4.0.2 To this end MEPUK made a submission
detailing its concerns to HM Treasury as part of the informal
consultation on the Government's proposals which closed on 5 June.
4.0.3 Summaries of our main concerns are
described in the following sections.
4.2 Nature of Proposed Licensing Regime
4.2.1 In seeking to frame a response to
the proposed establishment of a licensing regime MEPUK is hampered
by the fact that no detailed proposal has yet been issued by HM
Treasury to which we can frame an informed response.
4.2.2 Two possible structures have been
mooted.
4.2.3 The report on Competition in UK Banking
suggested that a sector-specific utility type regulator in the
mould of Oftel or Ofgem was envisaged, with on-going rule making
powers to police the activities of those companies active in the
payment services industry.
4.2.4 MEPUK's current understanding is,
that although no options have yet been ruled out by HM Treasury,
they are also considering introducing class licences to cover
participation in payment card schemes.
4.2.5 Should either, or indeed a combination
of the two, be introduced, MEPUK harbours serious concerns about
their appropriateness to the card payment industry. There are
also concerns regarding the workability of a licensing regime
operating solely in the UK but which is seeking to regulate schemes
that are International in nature.
4.3 Inappropriate Regulatory Model
4.3.1 The Banking Review Recommendation
to establish a licensing regime for payment systems is driven
by an assertion that such systems are "similar to other utilities".
4.3.2 MEPUK believes that it is inappropriate
to apply a utility model of regulation to card payment schemes.

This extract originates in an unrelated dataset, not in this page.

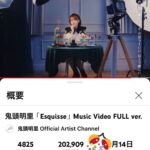 Akari Kito Instagram - 10月12日(水)発売 #鬼頭明里 2ndアルバム「Luminous」収録 リード曲「Esquisse」MV full ver.が20万回再生突破🎊🎉 たくさん聴いていただき、ありがとうございます✨✨✨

The argument for regulation in the water, electricity or gas networks
rests mainly on the fact that there is a single network and that
it is uneconomic for a competitor to duplicate this network, implying
that they are "natural monopolies". This natural monopoly
characteristic is driven by two elements: very strong economies
of scale, where the cost of each additional unit falls, due to
significant fixed costs; and strong network externalities, where
the value of the service for all participants increases as the
number of network members increases.
4.3.3 The relevant question to be asked
is whether the characteristics of card payment schemes match the
characteristics of such natural monopolies.
4.3.4 It is true that there are fixed costs
associated with the establishment of a card payment scheme and
card payment schemes therefore exhibit some economies of scale.

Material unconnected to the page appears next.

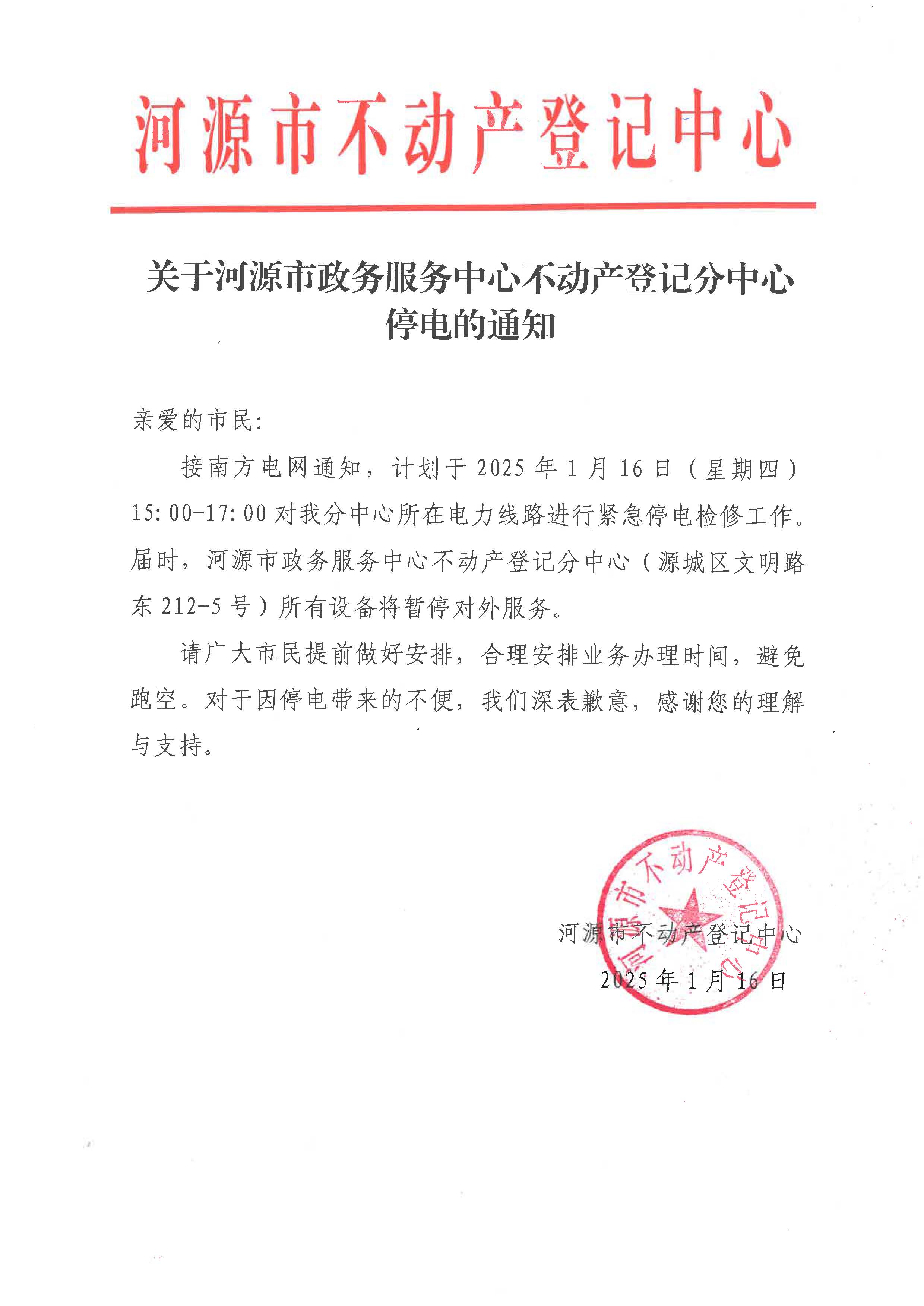 关于河源市政务服务中心不动产登记分中心停电的通知.jpg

Network (or demand-side) externalities are also evident, since
the more merchants that accept a certain payment card, the more
attractive it becomes to consumers to have that card, and the
more consumers that have a certain payment card, the more attractive
it becomes for merchants to accept that card.
4.3.5 Similarly the more merchants (and
their banks) that accept an alternative method of payment, such
as a cheque standard, the more attractive it is to use cheques.
4.3.6 However, the mere existence of such
features by no means implies that a network is inherently monopolistic.
The level of the economies of scale available to card payment
schemes is not so high as to dissuade other parties from entering,
as evidenced by the multiple competition card payment schemes
that exist in the UK. There is clearly room in the market for
many schemesnot to mention other forms of paymentas
individuals and merchants are happy to belong to more than one
network.
4.3.7 Given the number of different schemes,
it is important that these schemes co-operate on standards where
this is of benefit to customers. Contrary to much of the experience
with the utility industries, the internationally recognised card
payment systemsincluding, for example, MasterCard/Eurocard,
Visa, American Express, JCB and Diner's Clubhave developed
this co-operation. Common terminals are used for most card transactions
at the point-of-sale and ATMs generally accept most cards. These
standards were driven by merchant and consumer demand and were
delivered by the industry without the need for any regulatory
intervention.
4.3.8 Network externalities usually give
rise to a so-called "critical mass"a minimum
number of users required in order for the network to take off
successfully. Below this threshold, the network cannot sustain
itself. In the case of a card payment scheme, sufficient consumers
using the scheme's card and merchants accepting it are necessary
for it to be viable. However, the current marketplace shows that
the critical mass for such systems is not high. The success of
store cards demonstrates that it can be sufficient that only one
retailer accepts the card in order for the card scheme to take
off. Hence, the critical mass for card schemes is low, and as
a result the market can support several competing schemes.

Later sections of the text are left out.